Am Sonntag, dem 9. Dezember 2018, fand bei der Turnerschaft Harburg wieder einmal das traditionelle Weihnachtstraining der Aikido-Abteilung statt.
Dies ist möglicherweise nicht der “typische” Bericht über ein besonderes Ereignis. Ich möchte die Gelegenheit nutzen, auch ein wenig auf meinen Werdegang im Aikido einzugehen.
Von 2001-2007 lebte ich in Hamburg. Über die Musik lernte ich Eckhardt Hemkemeier kennen und begann kurz darauf, im Dojo Seishinkan (damals noch in der Glashüttenstraße) Tendoryu-Aikido zu trainieren. Damals wusste ich noch nicht, dass es eine ganze Reihe verschiedener Aikido-Stile gibt. Das war mir auch nicht so wichtig.
Es folgten viele Jahre intensiven Trainings. Was mich dabei besonders beeindruckte, war der Geist, in dem trainiert wurde, und den ich so intensiv noch nirgendwo anders kennengelernt hatte — außer vielleicht beim gemeinsamen Üben an einem Musikstück. Es ging nicht darum, sich mit anderen zu messen, sondern darum, gemeinsam mit- und aneinander zu wachsen. Eine absolut wichtige Voraussetzung hierfür ist gegenseitiges Wohlwollen. Dazu gleich noch etwas mehr.

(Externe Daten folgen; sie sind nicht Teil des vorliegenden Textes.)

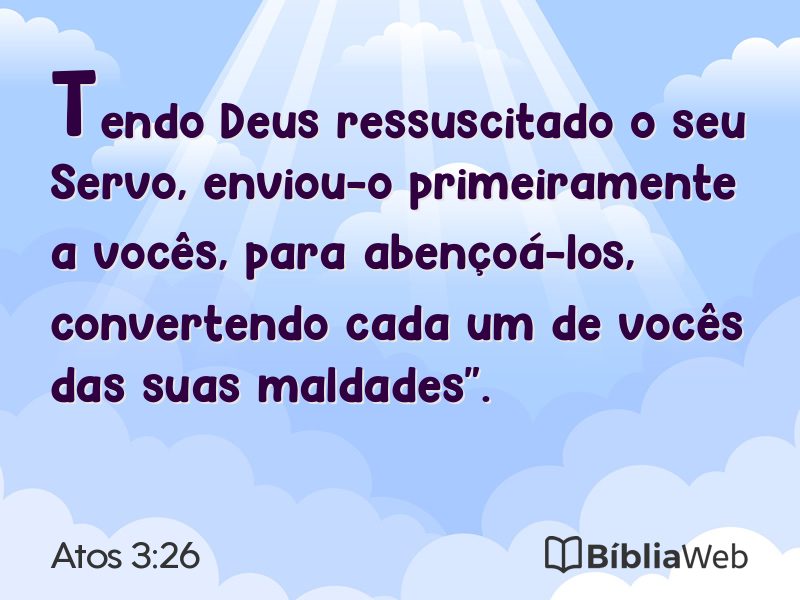 Atos 3:26 em imagem para compartilhar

Im Laufe der Jahre entwickelten sich viele Freundschaften. Einige für kurze Zeit — andere halten bis heute. Dazu gehören insbesondere die Freundschaften zu Eckhardt Hemkemeier und seiner Familie, sowie zu Björn Ole Pfannkuche und Robert Patzwald (und vielen anderen…).
Trotz mehrerer Umzüge bestand die Verbindung nach Harburg und nach Hamburg weiter. So lernte ich beispielsweise meine Frau beim Osterlehrgang 2008 mit Shimizu Sensei, dem Begründer des Tendoryu Aikido, in Hamburg kennen (inzwischen sind wir zu dritt).
Auf verschiedenen Umwegen führte mich mein Weg einige Jahre später wieder Richtung Nordwesten. Glücklicherweise unterrichtete Björn Ole Pfannkuche zweimal in der Woche in Wilhelmshaven Aikido. So war es naheliegend, diese Möglichkeit zu nutzen, um trotz meiner Odyssee mein Training weiterzuführen. Einer der Initiatoren des Trainings dort ist Jörg Wellpott, der inzwischen ein häufiger Gast auf verschiedenen Tendoryu-Aikido-Seminaren ist.
Zusammen mit Jörg kam ich bereits einen Tag früher in Harburg an, wo uns Björn Ole und Robert ein herzliches Willkommen bereiteten. Am Sonntag fuhren wir zeitig zum Dojo und machten erst einmal „Klar Schiff“. Es wurde geputzt, Staub gewischt und dekoriert. Nach und nach trafen immer mehr Gäste ein und halfen tatkräftig bei den Vorbereitungen mit. Besonders die Kinder hatten viel Spaß daran. Es fiel auf, dass sehr viele Familien dabei waren.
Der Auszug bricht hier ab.